§ EXTRACTED ENTRIES:
======
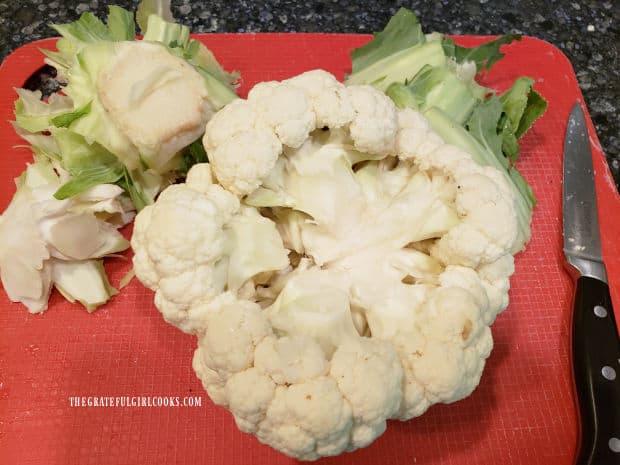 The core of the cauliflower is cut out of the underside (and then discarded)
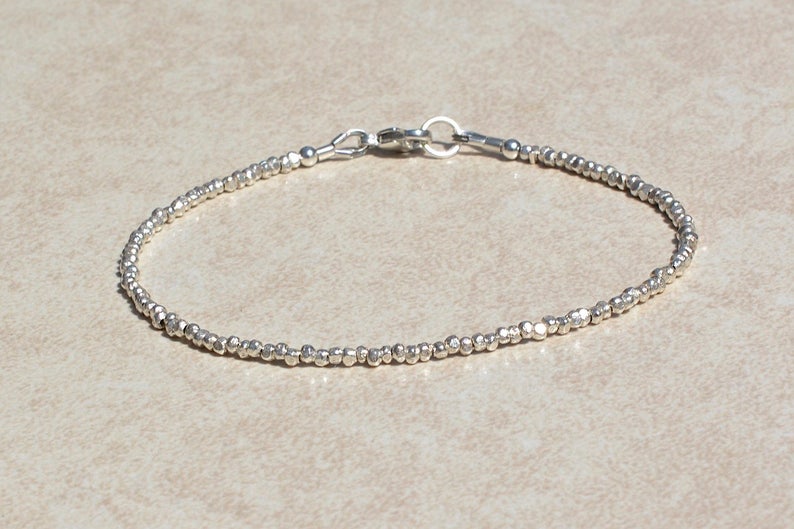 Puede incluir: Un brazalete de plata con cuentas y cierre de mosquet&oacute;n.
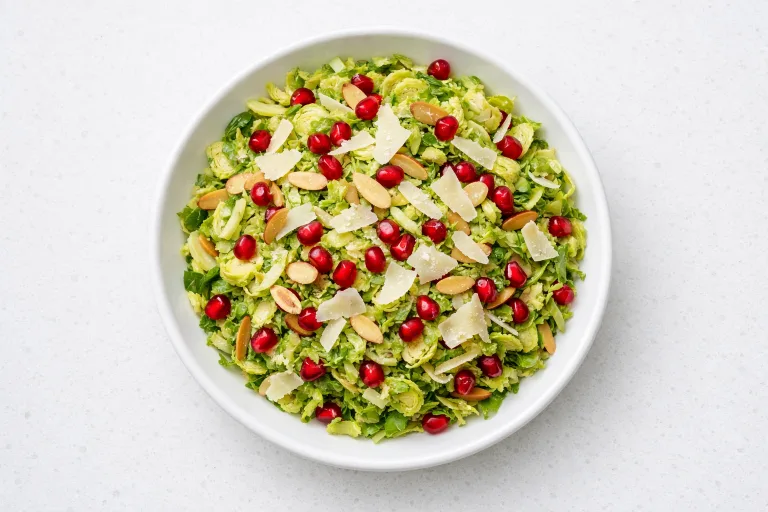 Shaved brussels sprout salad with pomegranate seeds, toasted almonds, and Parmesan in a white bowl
======
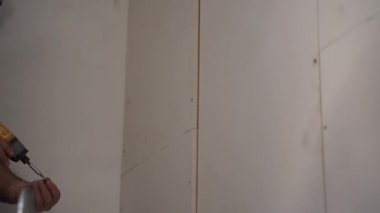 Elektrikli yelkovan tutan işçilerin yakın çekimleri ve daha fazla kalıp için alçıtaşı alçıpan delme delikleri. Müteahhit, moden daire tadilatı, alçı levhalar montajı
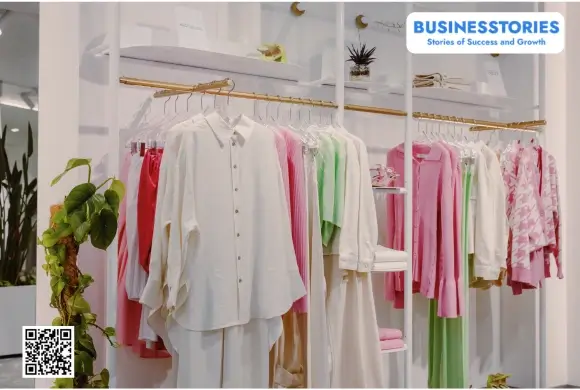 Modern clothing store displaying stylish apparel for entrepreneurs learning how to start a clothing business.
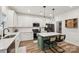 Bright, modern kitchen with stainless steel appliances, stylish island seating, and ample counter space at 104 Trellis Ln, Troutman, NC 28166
======
§ AIM OF THE TASK: Repeat exactly the stretch of the listing above that starts with the line holding "Puede incluir: Un" and finishes with the line holding "Shaved brussels sprout", both included. Skip every picture.

§ EXERCISE SOLUTION:
 Puede incluir: Un brazalete de plata con cuentas y cierre de mosquet&oacute;n.
 Shaved brussels sprout salad with pomegranate seeds, toasted almonds, and Parmesan in a white bowl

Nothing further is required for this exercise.